++++ SUPPLIED MATERIAL

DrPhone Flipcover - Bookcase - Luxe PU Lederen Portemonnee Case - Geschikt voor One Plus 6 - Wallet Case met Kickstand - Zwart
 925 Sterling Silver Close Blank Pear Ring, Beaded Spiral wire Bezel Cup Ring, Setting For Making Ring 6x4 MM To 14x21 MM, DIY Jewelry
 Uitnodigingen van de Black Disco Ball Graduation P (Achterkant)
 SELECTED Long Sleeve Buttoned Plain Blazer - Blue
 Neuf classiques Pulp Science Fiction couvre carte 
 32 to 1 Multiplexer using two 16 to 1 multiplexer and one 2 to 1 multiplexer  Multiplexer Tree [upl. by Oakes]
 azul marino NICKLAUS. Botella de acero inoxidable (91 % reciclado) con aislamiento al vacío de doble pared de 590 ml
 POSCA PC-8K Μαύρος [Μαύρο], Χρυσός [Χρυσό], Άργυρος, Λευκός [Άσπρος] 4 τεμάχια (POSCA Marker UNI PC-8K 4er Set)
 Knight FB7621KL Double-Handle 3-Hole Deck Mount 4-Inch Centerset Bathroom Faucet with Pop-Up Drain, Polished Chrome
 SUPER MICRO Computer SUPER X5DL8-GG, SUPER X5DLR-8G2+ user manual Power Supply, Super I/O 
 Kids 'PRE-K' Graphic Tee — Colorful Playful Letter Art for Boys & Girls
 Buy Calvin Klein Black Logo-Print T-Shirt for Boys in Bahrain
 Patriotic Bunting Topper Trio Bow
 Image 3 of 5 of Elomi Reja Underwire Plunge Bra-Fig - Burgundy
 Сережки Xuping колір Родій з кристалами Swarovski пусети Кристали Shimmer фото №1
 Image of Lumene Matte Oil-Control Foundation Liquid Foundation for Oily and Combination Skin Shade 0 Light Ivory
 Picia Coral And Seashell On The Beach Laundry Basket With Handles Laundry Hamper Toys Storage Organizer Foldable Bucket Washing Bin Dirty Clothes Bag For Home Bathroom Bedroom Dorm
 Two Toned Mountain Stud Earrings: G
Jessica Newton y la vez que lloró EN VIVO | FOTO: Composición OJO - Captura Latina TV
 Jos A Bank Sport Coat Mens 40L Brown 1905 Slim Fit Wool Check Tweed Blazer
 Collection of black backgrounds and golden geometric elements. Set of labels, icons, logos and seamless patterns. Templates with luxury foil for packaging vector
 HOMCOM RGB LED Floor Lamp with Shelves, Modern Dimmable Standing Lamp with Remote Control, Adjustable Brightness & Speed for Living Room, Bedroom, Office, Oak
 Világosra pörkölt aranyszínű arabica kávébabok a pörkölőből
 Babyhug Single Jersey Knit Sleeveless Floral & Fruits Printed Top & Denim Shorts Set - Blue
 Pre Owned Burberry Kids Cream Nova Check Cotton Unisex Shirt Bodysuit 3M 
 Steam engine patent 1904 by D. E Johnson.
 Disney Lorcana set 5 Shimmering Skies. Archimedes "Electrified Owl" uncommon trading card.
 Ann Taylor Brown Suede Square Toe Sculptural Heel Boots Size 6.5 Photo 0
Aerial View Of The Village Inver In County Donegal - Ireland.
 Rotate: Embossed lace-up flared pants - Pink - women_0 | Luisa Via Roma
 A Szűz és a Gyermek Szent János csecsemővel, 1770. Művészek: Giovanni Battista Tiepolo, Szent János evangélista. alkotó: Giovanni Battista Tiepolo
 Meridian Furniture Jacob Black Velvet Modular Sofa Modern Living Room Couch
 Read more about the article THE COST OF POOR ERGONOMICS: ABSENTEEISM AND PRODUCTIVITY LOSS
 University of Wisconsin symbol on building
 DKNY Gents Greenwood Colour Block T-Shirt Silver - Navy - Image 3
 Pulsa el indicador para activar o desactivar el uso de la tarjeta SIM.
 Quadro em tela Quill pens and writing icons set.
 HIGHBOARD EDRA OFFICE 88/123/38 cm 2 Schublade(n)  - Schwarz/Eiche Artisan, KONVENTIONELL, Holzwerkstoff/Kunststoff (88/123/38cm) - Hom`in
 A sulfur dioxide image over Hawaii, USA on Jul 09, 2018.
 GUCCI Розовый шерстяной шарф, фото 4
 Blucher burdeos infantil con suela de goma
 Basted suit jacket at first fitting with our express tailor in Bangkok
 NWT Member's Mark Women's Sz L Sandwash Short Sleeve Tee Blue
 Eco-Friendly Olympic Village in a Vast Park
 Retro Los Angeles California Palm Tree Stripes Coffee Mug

++++++++

TASK TO CARRY OUT:
Lines from the records above that hold "Modern" are the ones to list.

TASK ANSWER:
 HOMCOM RGB LED Floor Lamp with Shelves, Modern Dimmable Standing Lamp with Remote Control, Adjustable Brightness & Speed for Living Room, Bedroom, Office, Oak
 Meridian Furniture Jacob Black Velvet Modular Sofa Modern Living Room Couch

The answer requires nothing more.